Steepest Descent | Perceptron

Let’s consider this classical numerical methods for unconstrained minimization of a function of n variables.

Ironhead’s treasure trip

To make it simple and fascinating, let’s consider optimizing a function like finding the mysterious treasure in a barbarian way:

Let me introduce Ironhead, the barbarian hero who wants to gain his glory by finding the treasure ahead of others. He got the fancy skill named “furious charge”, he can dash furiously towards one direction as far as he want ignoring any obstacles, but that skill cools down everyday, which means he could only charge towards one direction as far as he want everyday. However, that won’t seperate him with other barbarians, so we help him by giving him a treasure-detection device: it tells him the distance between his location and the treasure spot. And Ironhead is smart enough to figure out that he can step out a little bit to see which direction makes distance decreasing the most, e.g. he can find out the best direction for his current location everyday.

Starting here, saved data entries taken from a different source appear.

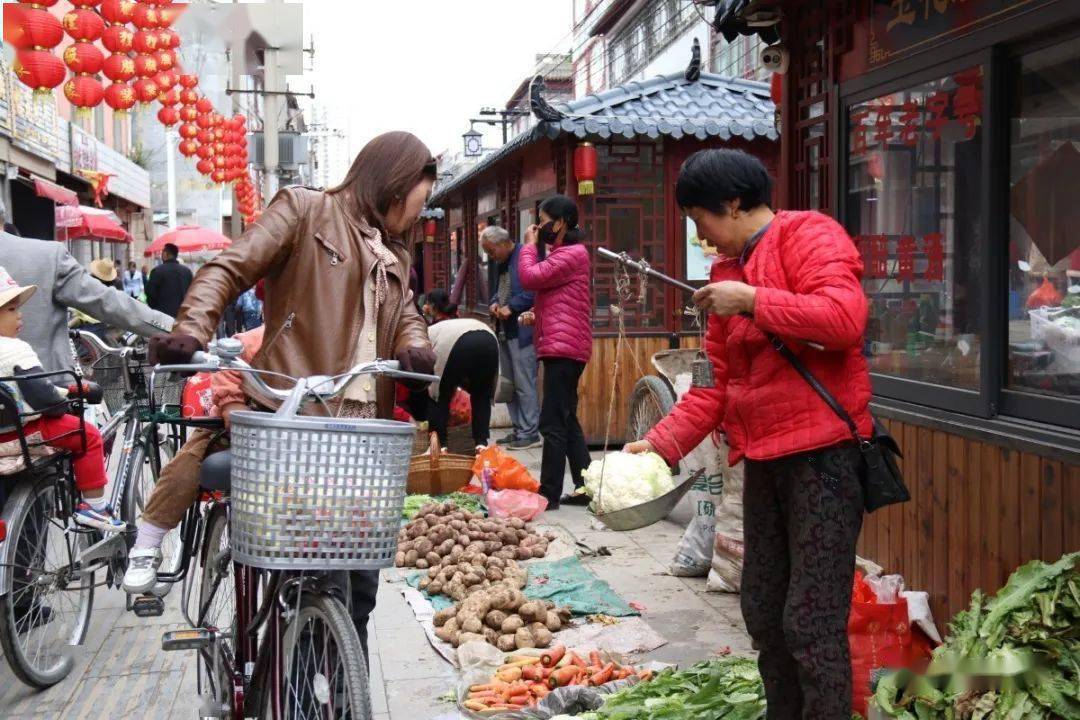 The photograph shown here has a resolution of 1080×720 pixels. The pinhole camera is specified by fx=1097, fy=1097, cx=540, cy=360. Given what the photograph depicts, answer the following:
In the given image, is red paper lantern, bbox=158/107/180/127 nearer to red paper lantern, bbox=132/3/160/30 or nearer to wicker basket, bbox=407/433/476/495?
red paper lantern, bbox=132/3/160/30

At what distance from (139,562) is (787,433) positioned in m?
2.28

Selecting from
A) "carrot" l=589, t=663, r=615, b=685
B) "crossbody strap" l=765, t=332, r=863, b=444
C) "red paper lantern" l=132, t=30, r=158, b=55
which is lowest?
"carrot" l=589, t=663, r=615, b=685

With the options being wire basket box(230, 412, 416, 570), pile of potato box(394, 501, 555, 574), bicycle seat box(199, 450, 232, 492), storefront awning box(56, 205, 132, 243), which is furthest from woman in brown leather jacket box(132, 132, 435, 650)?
storefront awning box(56, 205, 132, 243)

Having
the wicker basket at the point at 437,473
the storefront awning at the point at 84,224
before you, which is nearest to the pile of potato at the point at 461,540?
the wicker basket at the point at 437,473

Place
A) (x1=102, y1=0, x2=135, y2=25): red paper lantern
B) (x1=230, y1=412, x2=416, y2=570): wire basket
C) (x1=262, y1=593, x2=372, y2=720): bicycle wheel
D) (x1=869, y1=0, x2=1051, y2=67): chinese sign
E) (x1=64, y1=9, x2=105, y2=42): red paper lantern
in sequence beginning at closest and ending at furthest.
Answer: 1. (x1=230, y1=412, x2=416, y2=570): wire basket
2. (x1=262, y1=593, x2=372, y2=720): bicycle wheel
3. (x1=869, y1=0, x2=1051, y2=67): chinese sign
4. (x1=64, y1=9, x2=105, y2=42): red paper lantern
5. (x1=102, y1=0, x2=135, y2=25): red paper lantern

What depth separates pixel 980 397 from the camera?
4699 millimetres

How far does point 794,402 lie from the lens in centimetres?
334

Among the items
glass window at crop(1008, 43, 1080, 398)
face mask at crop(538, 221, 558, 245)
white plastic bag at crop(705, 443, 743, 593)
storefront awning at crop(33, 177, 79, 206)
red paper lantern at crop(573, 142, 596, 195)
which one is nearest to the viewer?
glass window at crop(1008, 43, 1080, 398)

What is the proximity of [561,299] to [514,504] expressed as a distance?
5.43 ft

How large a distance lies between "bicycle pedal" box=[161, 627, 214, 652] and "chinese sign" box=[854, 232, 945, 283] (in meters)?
3.46

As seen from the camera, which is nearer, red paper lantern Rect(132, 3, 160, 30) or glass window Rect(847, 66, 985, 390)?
glass window Rect(847, 66, 985, 390)

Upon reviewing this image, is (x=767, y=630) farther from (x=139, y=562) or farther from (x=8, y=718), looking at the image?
(x=8, y=718)

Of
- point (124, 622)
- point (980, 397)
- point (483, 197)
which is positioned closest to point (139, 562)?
point (124, 622)

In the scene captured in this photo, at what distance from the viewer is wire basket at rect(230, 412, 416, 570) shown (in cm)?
288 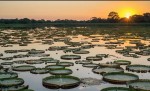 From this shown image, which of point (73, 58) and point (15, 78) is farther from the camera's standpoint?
point (73, 58)

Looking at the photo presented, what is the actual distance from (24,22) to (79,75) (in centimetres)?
5052

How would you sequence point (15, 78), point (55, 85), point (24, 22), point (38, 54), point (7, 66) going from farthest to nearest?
point (24, 22)
point (38, 54)
point (7, 66)
point (15, 78)
point (55, 85)

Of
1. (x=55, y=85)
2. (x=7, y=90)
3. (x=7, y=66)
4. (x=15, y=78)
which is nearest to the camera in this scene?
(x=7, y=90)

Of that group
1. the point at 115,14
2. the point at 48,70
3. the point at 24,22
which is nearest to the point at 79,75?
the point at 48,70

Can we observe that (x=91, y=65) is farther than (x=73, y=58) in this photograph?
No

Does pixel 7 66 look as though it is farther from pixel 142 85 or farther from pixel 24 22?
pixel 24 22

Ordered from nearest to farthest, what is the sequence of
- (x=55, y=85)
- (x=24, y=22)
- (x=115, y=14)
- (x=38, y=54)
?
1. (x=55, y=85)
2. (x=38, y=54)
3. (x=24, y=22)
4. (x=115, y=14)

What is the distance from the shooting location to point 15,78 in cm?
789

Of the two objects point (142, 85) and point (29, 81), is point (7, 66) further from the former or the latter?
point (142, 85)

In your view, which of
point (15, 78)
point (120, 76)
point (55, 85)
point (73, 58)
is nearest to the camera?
point (55, 85)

Then he start his trip, good luck and bon voyage, Ironhead!

Calm down and analyze

While he’s charging furiously, let’s re-think this in a magician(or probably college students’) way:

Ironhead got two blessing gifts corresponding to the exact two words in steepest descent, the device tells him current best “descent” direction, and the furious charge allows him explore “steepest” to get to the best position along this direction. More mathmatically, Ironhead is trying to minimize the distance between him and the treasure, the device could provide him the evaluation function $f(x)$ as well as the first order derivative $df(x)$; If we only consider the result, his furious charge is similar to the line minimization method introduced last time.

Let $\boldsymbol{x_k}$ be Ironhead’s location on the k-th day and $\boldsymbol{x_k}+\alpha \boldsymbol{d}$ is his location by the end of the day.

$\boldsymbol{d}$ is the best descending direction he figured out by stepping out a little bit while watching the distance device, which is exactly the reverse of the derivative: $-\nabla f(\boldsymbol{x_k})$. Every morning he wake up and decide the direction $\boldsymbol{d_k}$ by his current location $\boldsymbol{x_k}$ and the help of the device $\nabla f(\boldsymbol{x_k})$.

$\alpha$ is how far he traveled that day, he’ll stop at the minimum point along current direction. As long as he decided today’s direction $\boldsymbol{d_k}$, we can define $f(\alpha) = f(\boldsymbol{x_k}+\alpha\boldsymbol{d_k})$, which is the function he would like to minimize today, theoretical we can derive $f(\alpha)$ to find best $\alpha$ by $\nabla f(\alpha) = 0$, but don’t forget it’s Ironhead here, he’s better at “dash and bump into treasure” kind of thing. (Actually, it’s because we can’t ensure the function $f(\alpha)$ is derivative everywhere and it’s burdensome and hard to derive a function for every interation in implementation).

After aboving analysis, we can be sure that he will eventually get to the treasure, but it seems he haven’t found the treasure yet, let’s take a look at the algorithm.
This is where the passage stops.